INFORMATION PROVIDED:
+++++

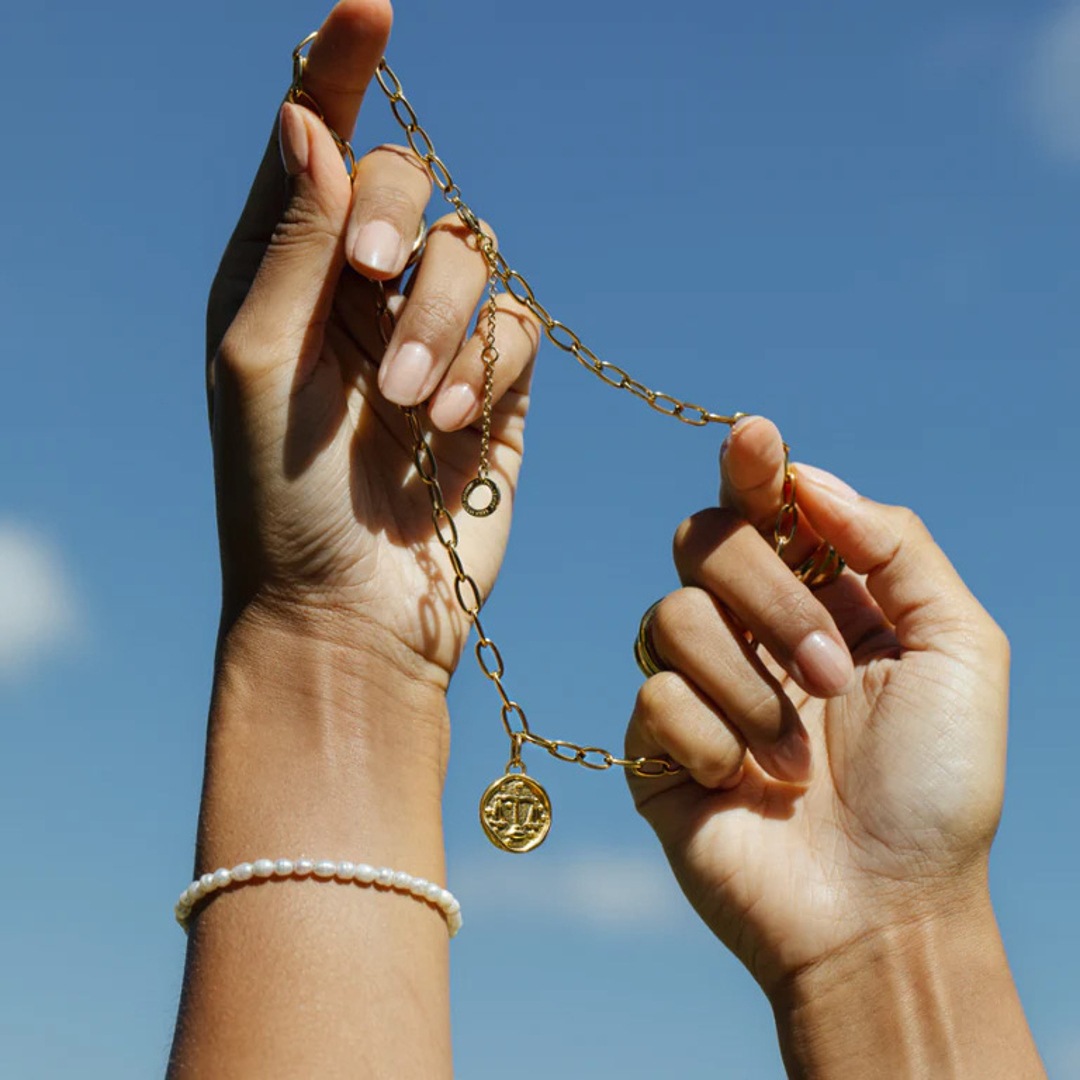 Paul Hewitt Libra Charm Goldig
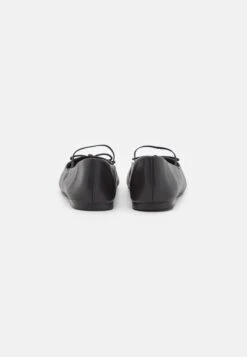Monki Ballerina'S Met Enkelbandjes - Black Dark -Monki Winkel c035d0a73f004f24acddfab1cb394b71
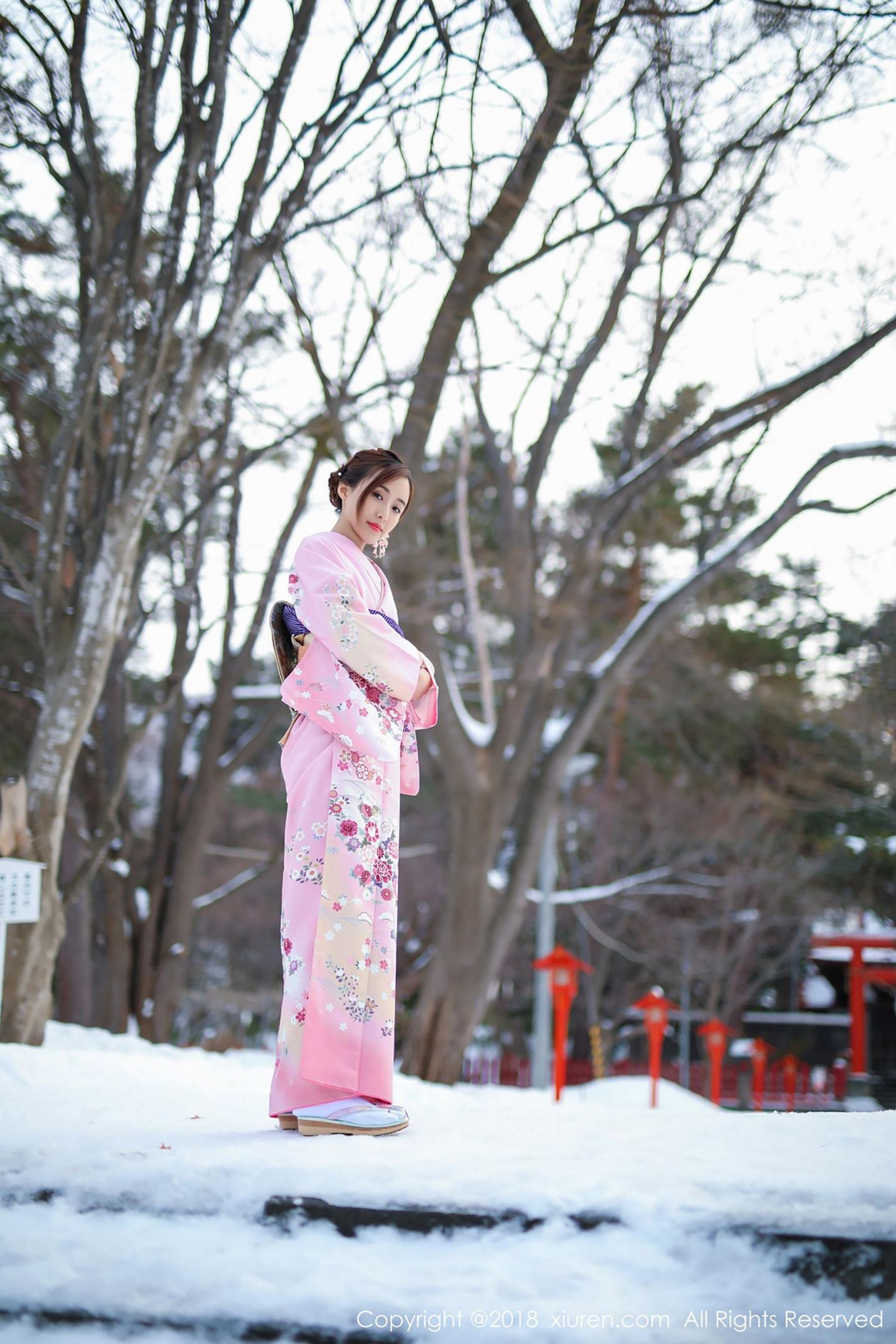 猫宝传统和服与粉色比基尼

+++++

Every last line above must be reproduced as written, and no pictures belong in the copy.

SOLUTION:
 Paul Hewitt Libra Charm Goldig
Monki Ballerina'S Met Enkelbandjes - Black Dark -Monki Winkel c035d0a73f004f24acddfab1cb394b71
 猫宝传统和服与粉色比基尼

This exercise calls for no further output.